16. The at least one machine-readable medium of claim 14, wherein the subchannel change request message indicates a plurality of available secondary subchannels, and wherein the subchannel change response message indicates selection by the STA of the new secondary subchannel.

17. The at least one machine-readable medium of claim 14, wherein the instructions are to further cause the AP, in response to the subchannel change request message, to:

measure subchannel congestion of a set of secondary subchannels;

determine the set of at least one candidate subchannel based on the subchannel congestion measurement wherein one or more secondary subchannels meeting predefined relocation criteria are selected as the at least one candidate subchannel.

18. The at least one machine-readable medium of claim 14, wherein the first subchannel is the primary subchannel.

19. The at least one machine-readable medium of claim 14, wherein the subchannel change request message is a medium access control (MAC) frame.

20. The at least one machine-readable medium of claim 14, wherein the primary subchannel and the plurality of secondary subchannels are orthogonal frequency division multiple access (OFDMA) subchannels.

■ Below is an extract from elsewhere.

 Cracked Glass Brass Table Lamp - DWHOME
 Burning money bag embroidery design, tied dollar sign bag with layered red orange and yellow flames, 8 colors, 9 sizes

21. At least one machine-readable medium comprising instructions that, when executed by a high-efficiency (HE) station (STA) for operation in a wireless network for which channels are defined to include a primary subchannel and a plurality of secondary subchannels, cause the STA to:

initiate wireless connectivity with a HEW access point (AP) on a first subchannel having a subchannel bandwidth that is a fractional portion of a default channel bandwidth defined for the wireless network;

encode a subchannel change request message for transmission to the AP, the subchannel change request message indicating the at least one candidate secondary subchannel for the AP to use for communication with the STA;

decode a received subchannel change response message sent by the AP, the subchannel response message scheduling relocation of the communications to a new secondary subchannel from among the at least one candidate secondary subchannel; and

initiate relocation of communication with the AP to the new secondary subchannel.

22. The at least one machine-readable medium of claim 21, wherein the subchannel change request message indicates a plurality of available secondary subchannels, and wherein the subchannel change response message indicates selection by the AP of the new secondary subchannel.

23. The at least one machine-readable medium of claim 21, wherein the instructions are to further cause the STA to:

measure subchannel congestion of a set of secondary subchannels;

24. The at least one machine-readable medium of claim 21, wherein the first subchannel is the primary subchannel.

25. The at least one machine-readable medium of claim 21, wherein the subchannel change response message is decoded from reception on the primary subchannel.

26. The at least one machine-readable medium of claim 21, wherein the subchannel change response message is decoded from reception on the first subchannel.

27. The at least one machine-readable medium of claim 21, wherein the primary subchannel and each of the secondary subchannels have a bandwidth of 20 MHz.